___ Data shown
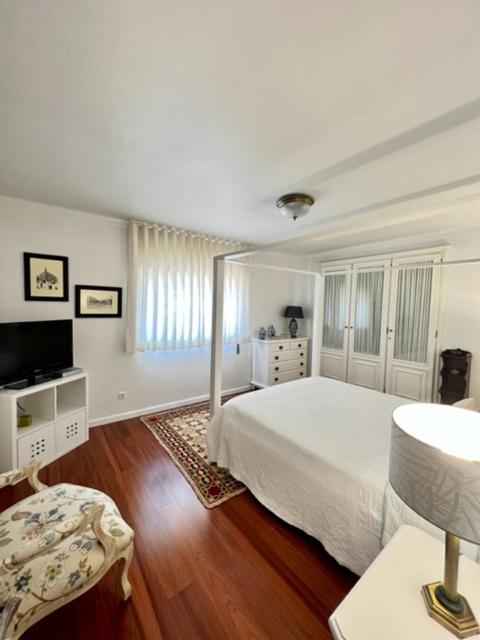 阿尔科巴萨Cocas House - Alcobaça的一间白色卧室,配有床和电视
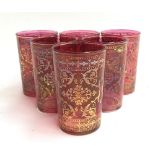 A set of six Austrian cranberry glass tumblers, with scrolling gilt decoration, approx. 10cmH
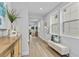 Hallway with light walls, wood floors, and a bench at 1526 5Th S St, St Petersburg, FL 33701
______
▸ **Work order**
Transcribe all of the data above verbatim but omit every picture.

▸ **Response to this task**
 阿尔科巴萨Cocas House - Alcobaça的一间白色卧室,配有床和电视
 A set of six Austrian cranberry glass tumblers, with scrolling gilt decoration, approx. 10cmH
 Hallway with light walls, wood floors, and a bench at 1526 5Th S St, St Petersburg, FL 33701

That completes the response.